→ EXERCISE INPUTS:
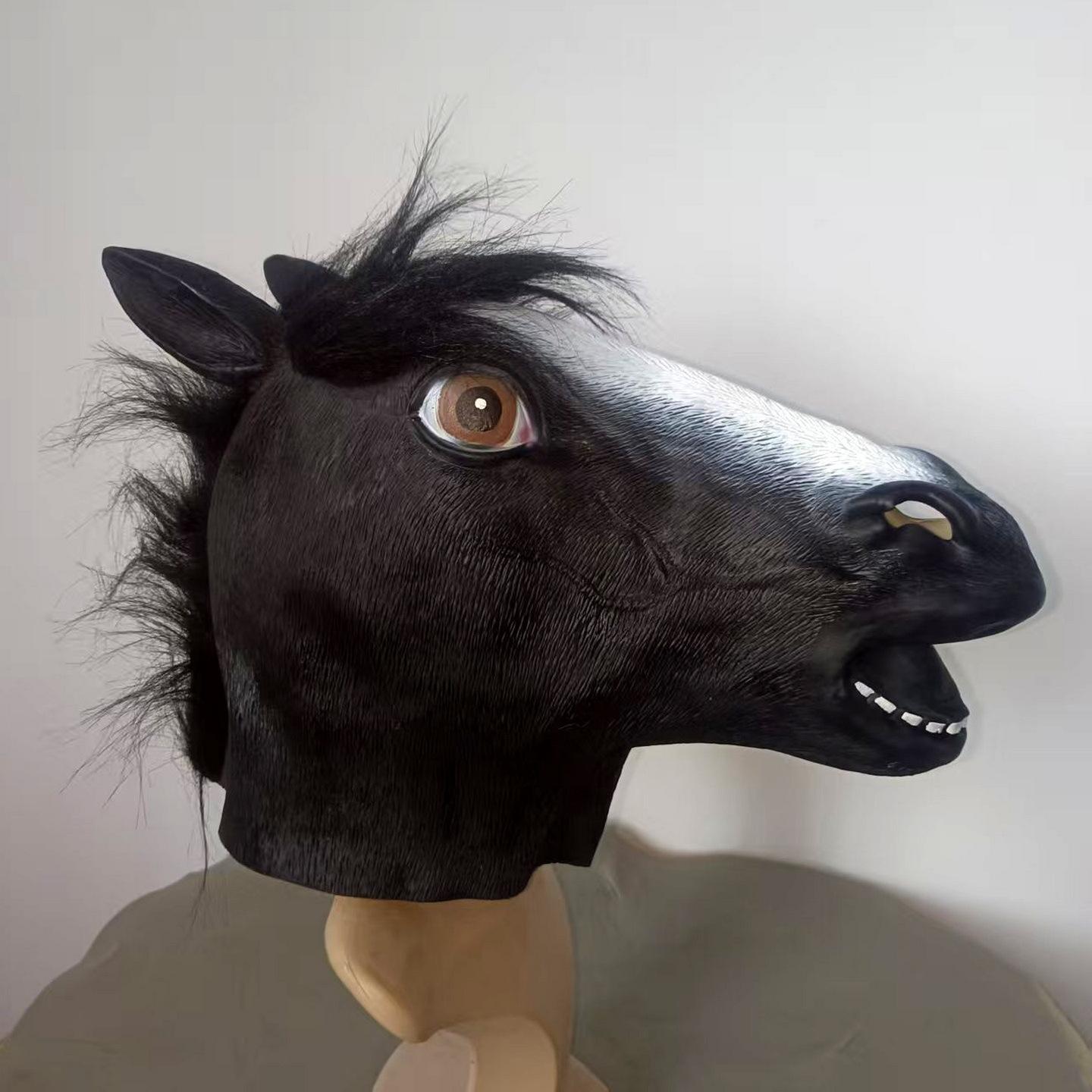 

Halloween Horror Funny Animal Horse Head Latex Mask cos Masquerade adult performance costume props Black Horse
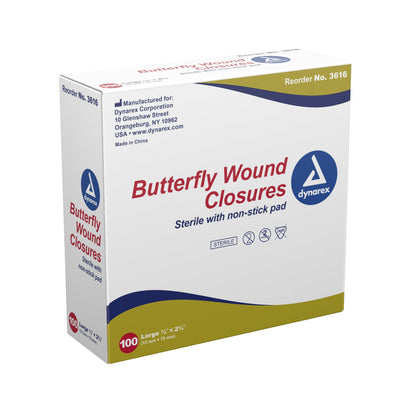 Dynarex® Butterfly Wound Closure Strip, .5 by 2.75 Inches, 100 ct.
==
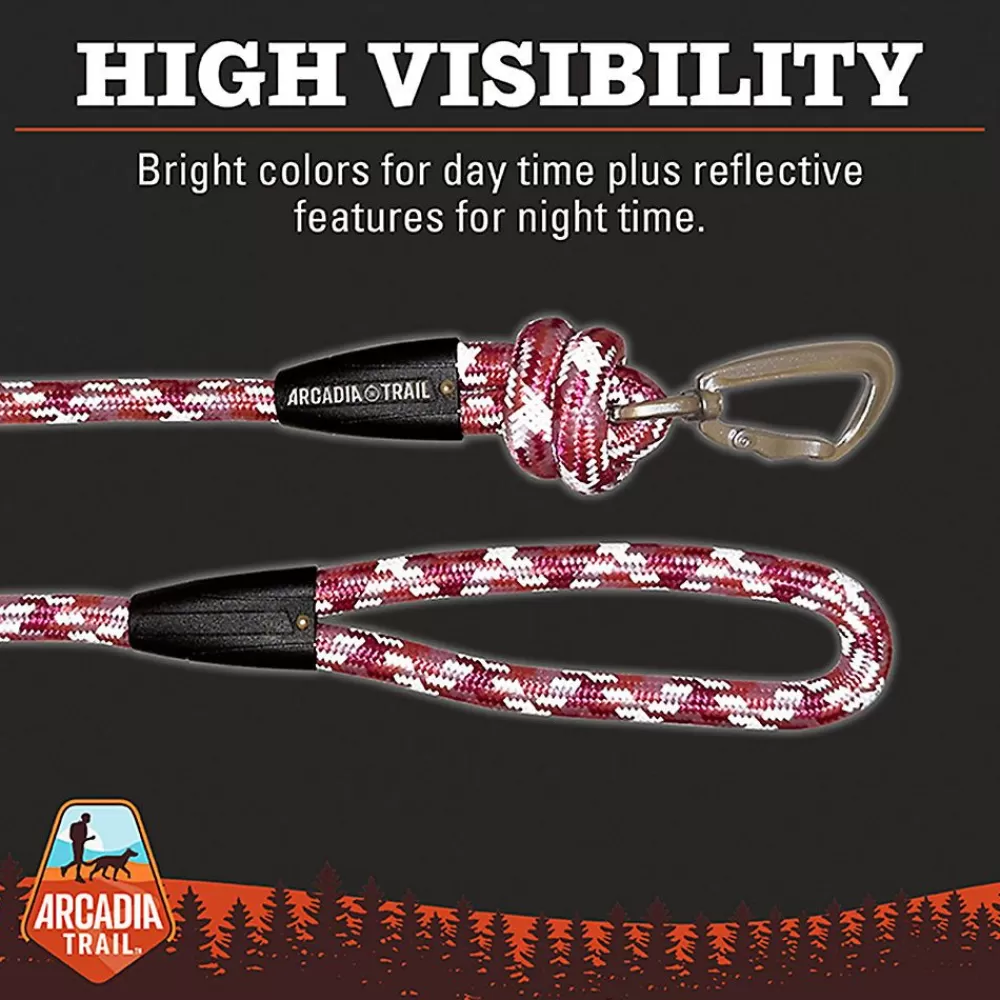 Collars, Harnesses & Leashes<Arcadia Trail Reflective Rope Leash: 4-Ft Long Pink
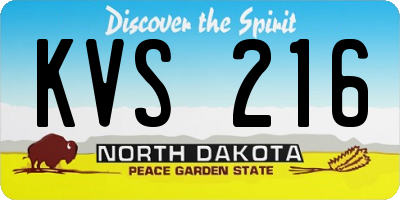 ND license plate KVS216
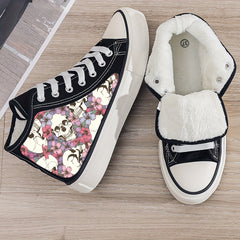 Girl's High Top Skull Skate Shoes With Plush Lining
--
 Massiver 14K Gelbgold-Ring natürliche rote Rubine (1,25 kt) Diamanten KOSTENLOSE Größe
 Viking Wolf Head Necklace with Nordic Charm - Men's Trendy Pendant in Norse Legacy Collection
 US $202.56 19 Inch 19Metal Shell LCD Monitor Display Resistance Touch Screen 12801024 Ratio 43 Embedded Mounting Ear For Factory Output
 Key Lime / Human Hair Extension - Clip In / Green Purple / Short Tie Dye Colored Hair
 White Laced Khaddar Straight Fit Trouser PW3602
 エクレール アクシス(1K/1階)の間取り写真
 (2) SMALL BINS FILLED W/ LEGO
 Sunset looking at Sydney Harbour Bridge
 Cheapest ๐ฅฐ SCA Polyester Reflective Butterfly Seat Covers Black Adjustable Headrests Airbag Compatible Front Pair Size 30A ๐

→ TASK GOAL:
In the material above, find every line that has the string "Black" and pull those lines out.

→ COMPLETED EXERCISE:
Halloween Horror Funny Animal Horse Head Latex Mask cos Masquerade adult performance costume props Black Horse
 Cheapest ๐ฅฐ SCA Polyester Reflective Butterfly Seat Covers Black Adjustable Headrests Airbag Compatible Front Pair Size 30A ๐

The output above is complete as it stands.